La Strada (Einaudi) di Cormac McCarthy è il romanzo più minimal che abbia mai letto.
Non c’è una sola parola in più. Non una in difetto. Sono semplicemente giuste, bilanciate, riga dopo riga. Perfette.
La storia è una tragedia senza speranza. Padre e figlio camminano verso una certa destinazione imprecisa. Non c’è niente e non c’è stato niente. Solo cenere, un po’ di pioggia, il mare nero. Non si sa perchè. E’ così e basta.
La Strada va letto perché come spesso capita, rimpinguare da una parte fa scatenare l’altra con forza doppia.
Più si fa buio, più hai voglia di luce. Tanto è caduco il mondo, quanto hai voglia di vita.
Il figlio porta il fuoco. E qualunque cosa succeda, questo non cambierà mai. Lui porta il fuoco.

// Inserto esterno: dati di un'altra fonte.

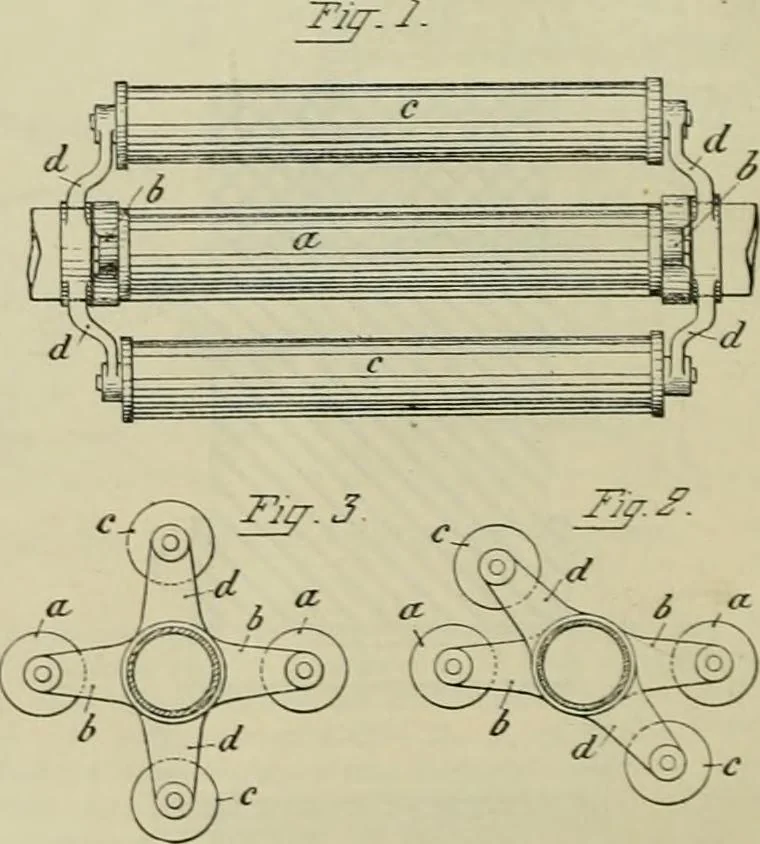An illustration from Revue générale des mati`eres colorantes et des industries qui s'y rattachent, 1908, leaf 173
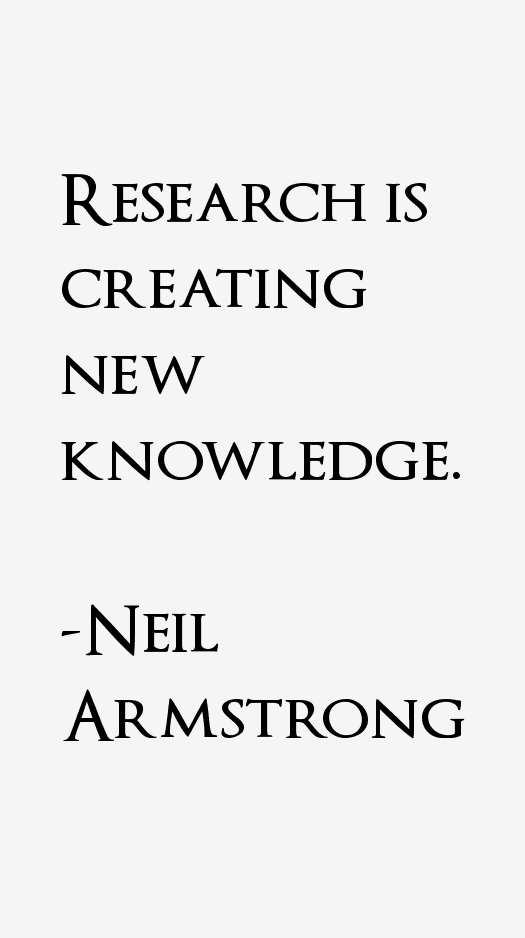 Neil Armstrong Quotes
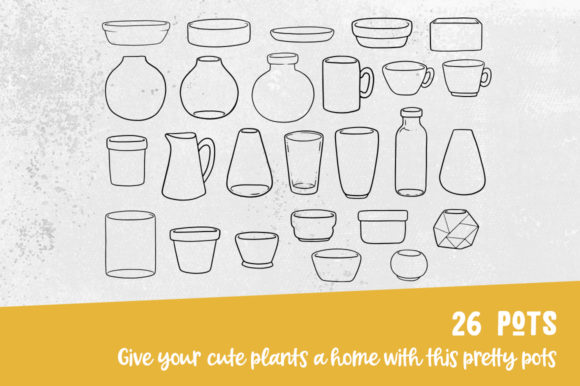 483445 The Plants & Pots Stamp Set1.jpg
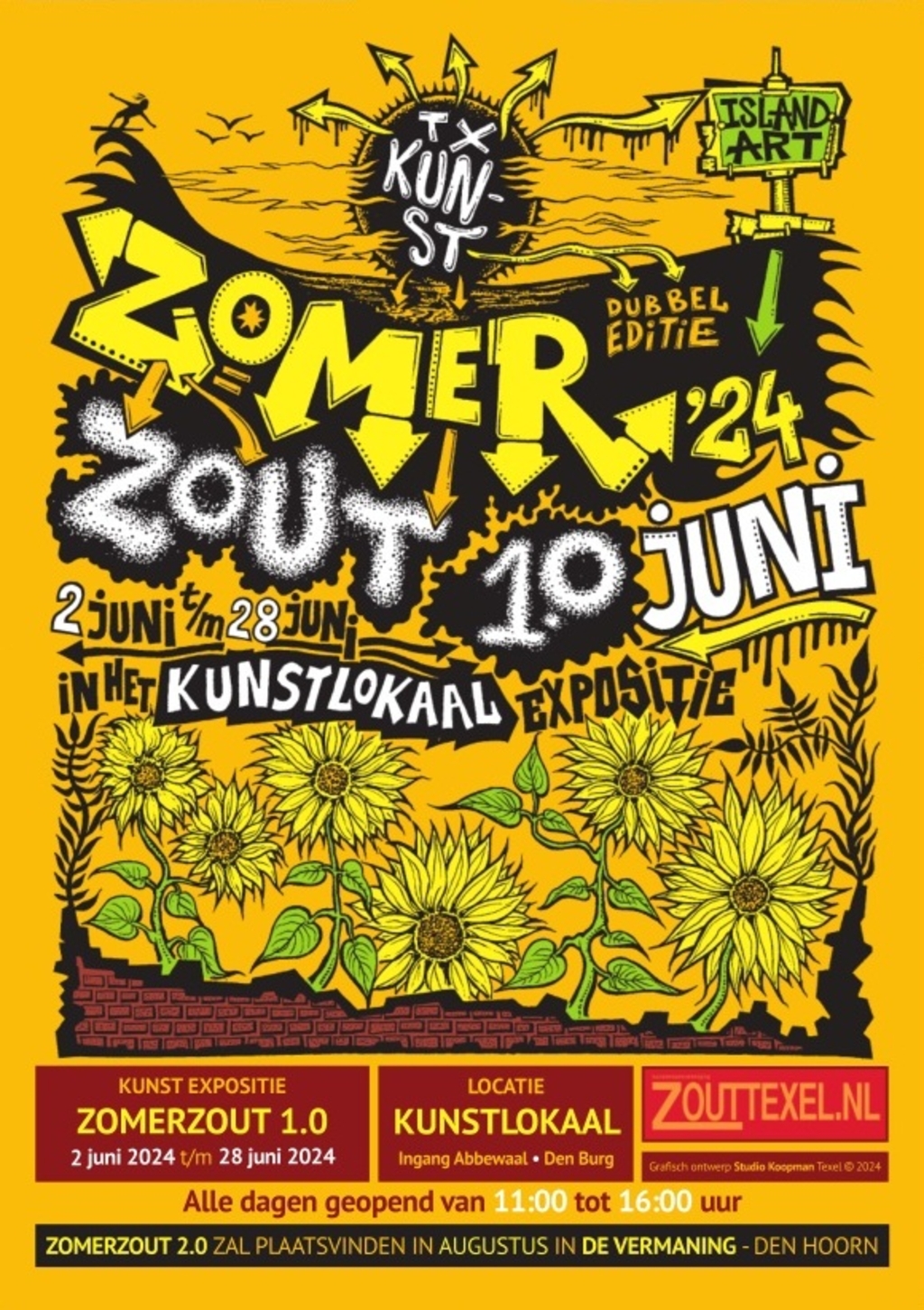 poster Zomerzout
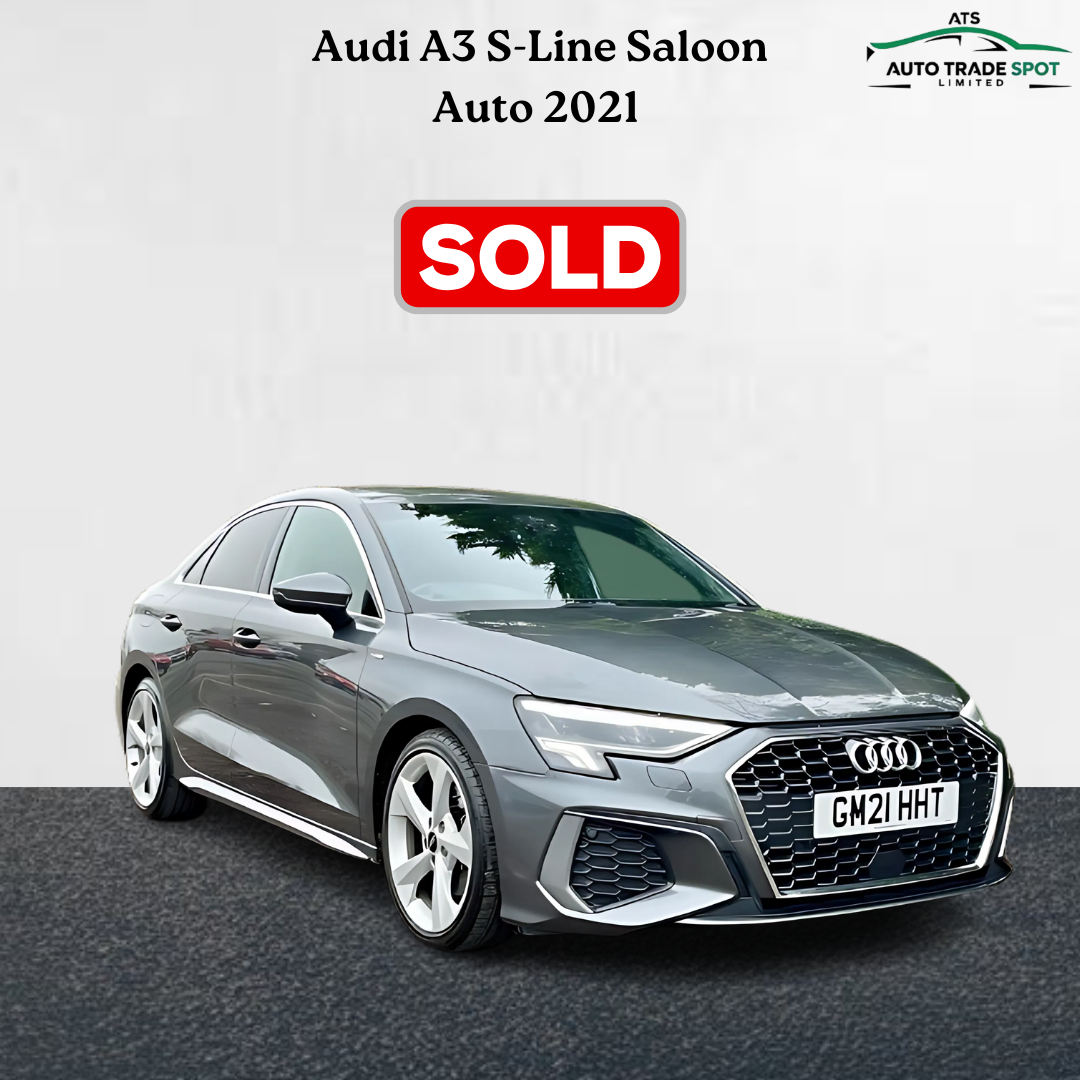 Audi A3 S-Line Saloon Auto 2021 SOLD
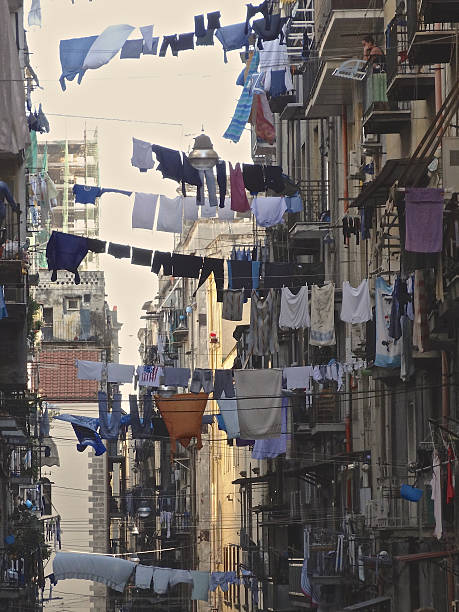 istock Drying laundry in Napoli Italy 538854557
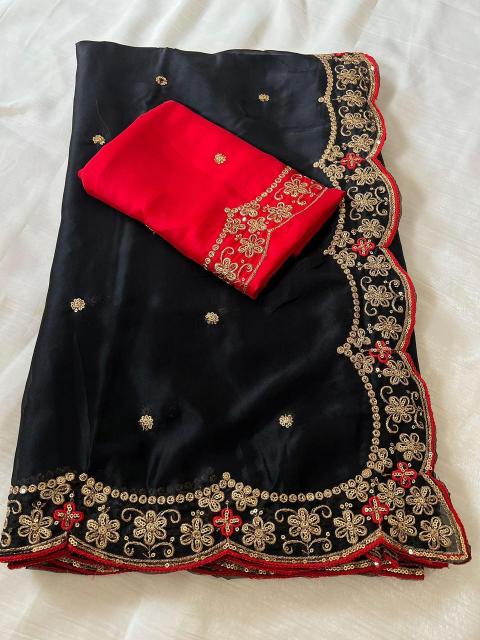 Dazira Soft Star Georgette Saree suppliers in Mumbai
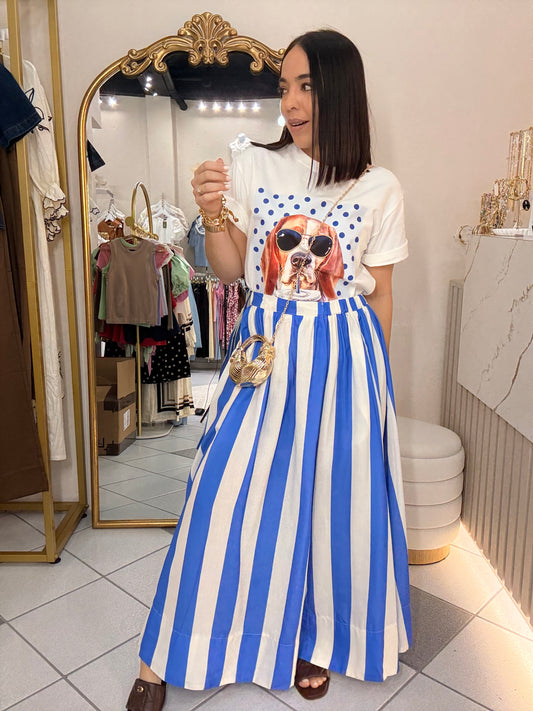 FALDA BLUE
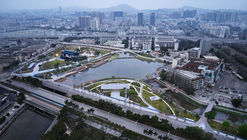 Haoxiang Lake Park  / eLandscript Studio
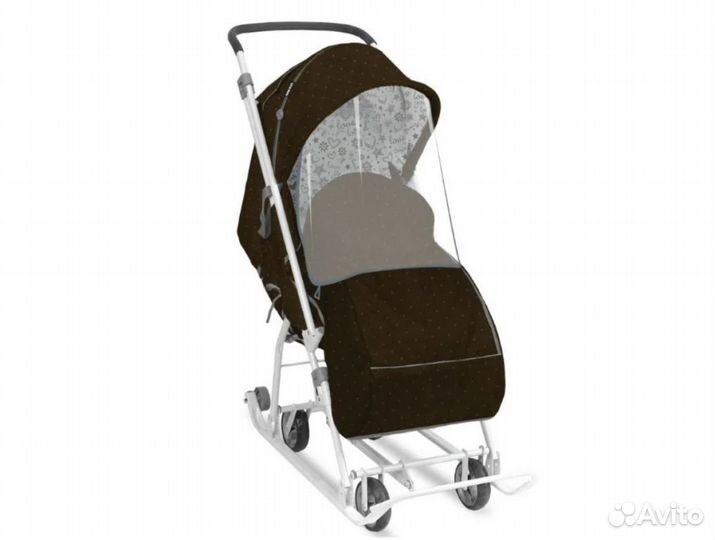 Санки-Коляска комбинированная 
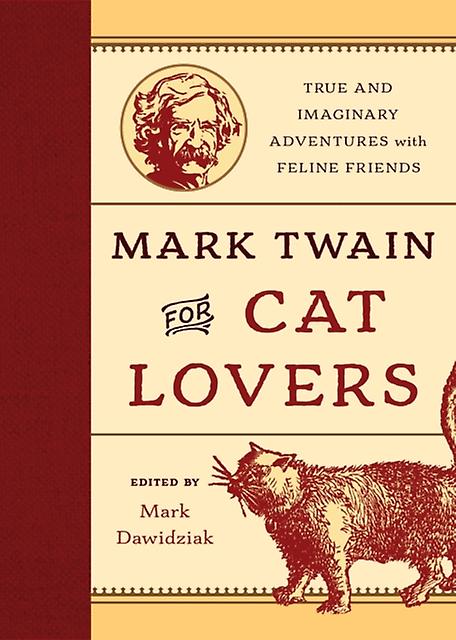 Mark Twain For Cat Lovers Board book Book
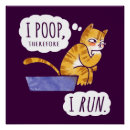 Search for funny running posters Cartoon
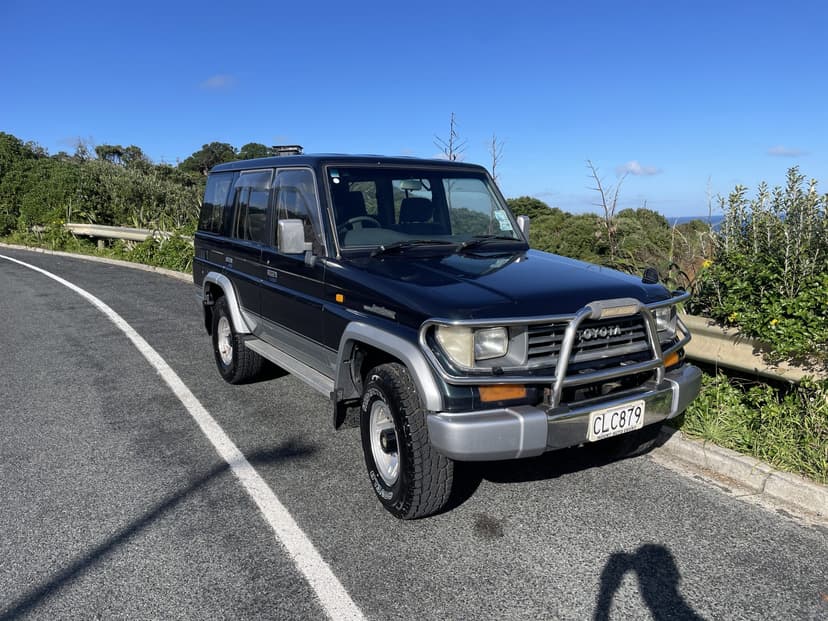 1994 Toyota Land Cruiser J70 Prado SX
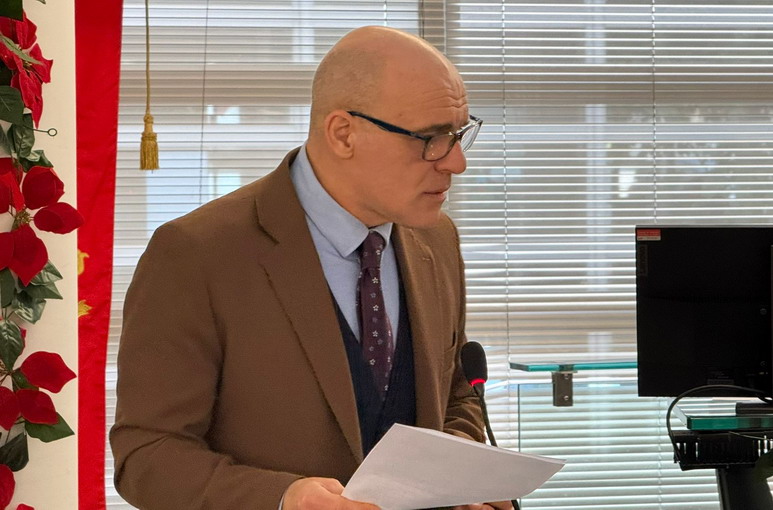 Fiumicino, bilancio di previsione 2026–2028, D’Intino: “I primi frutti del risanamento dei conti pubblici”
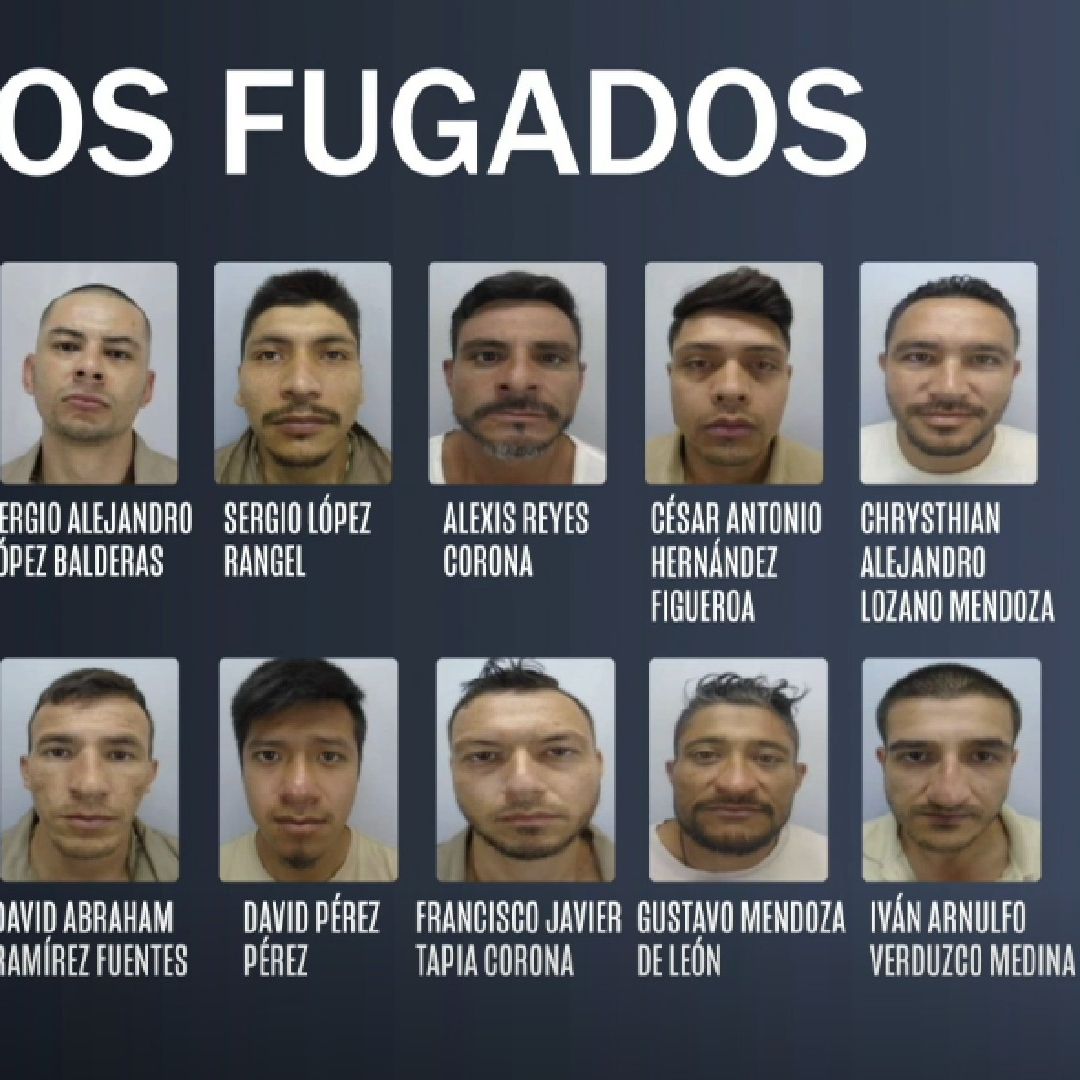 Buscan a los 23 reos que escaparon del Reclusorio Vallarta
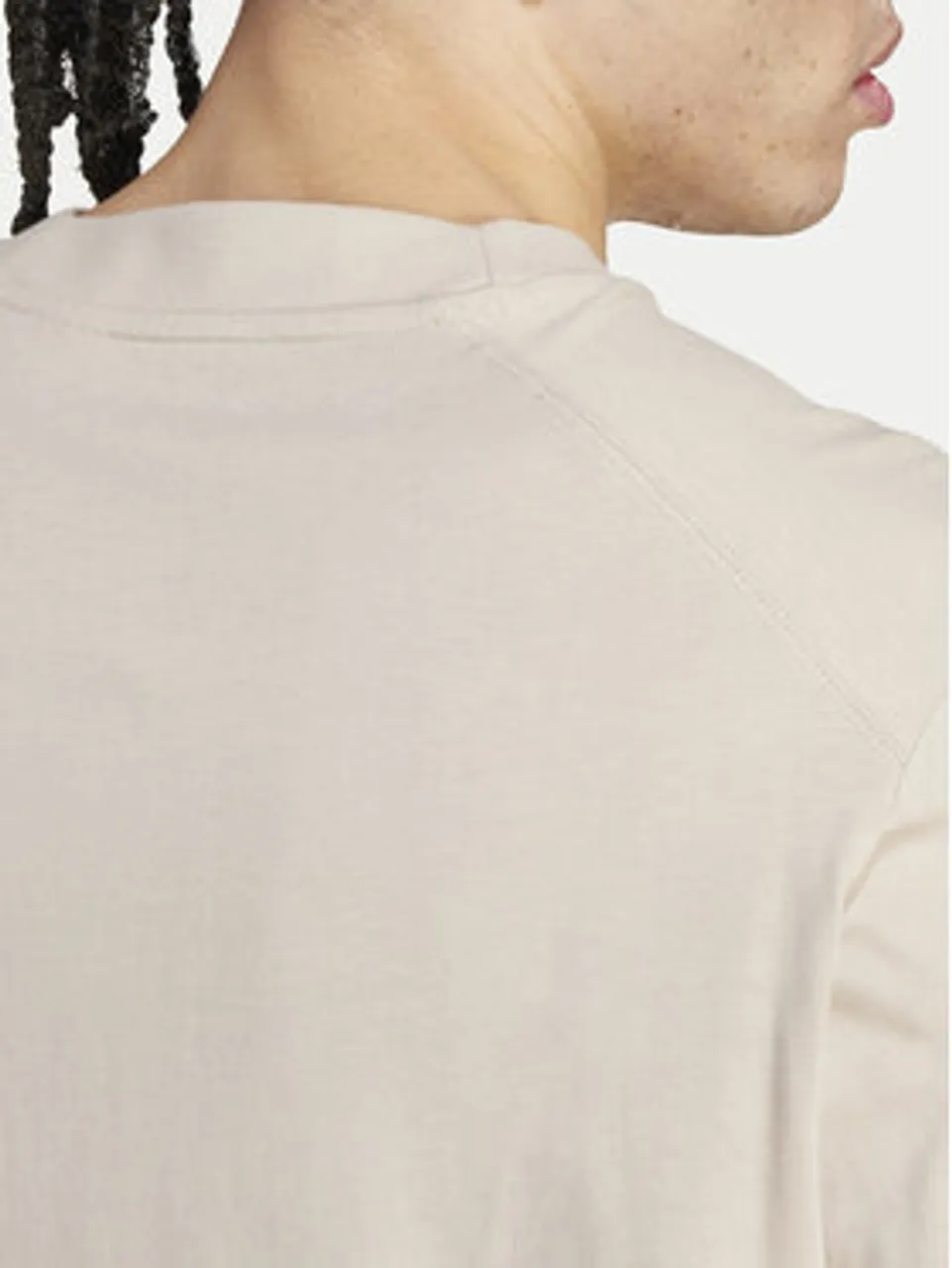 adidas T-Shirt Terrex Xploric Logo IK9111 Beige Regular Fit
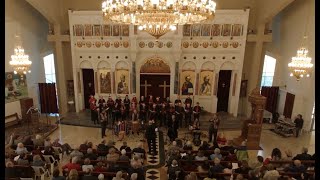 Ramirez Misa Criolla Tel Aviv Collegium Singers conducted by Yishai Steckler [upl. by Gnel]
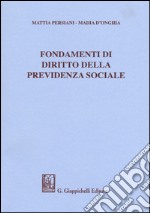 Fondamenti di diritto della previdenza sociale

Ieri a Verona parlo con amici e mi accorgo che portano il fuoco. A Vicenza domenica il mago Condilo porta il fuoco. A Milano gli universitari all’appartamento Lago con occhialoni grossi quanto la voglia di nuovo che hanno portano il fuoco.
Tu porti il fuoco.
E qualunque cosa succeda, qualunque struttura cerchi di spegnerlo, fregatene.
Tu porti il fuoco, questo non cambierà mai.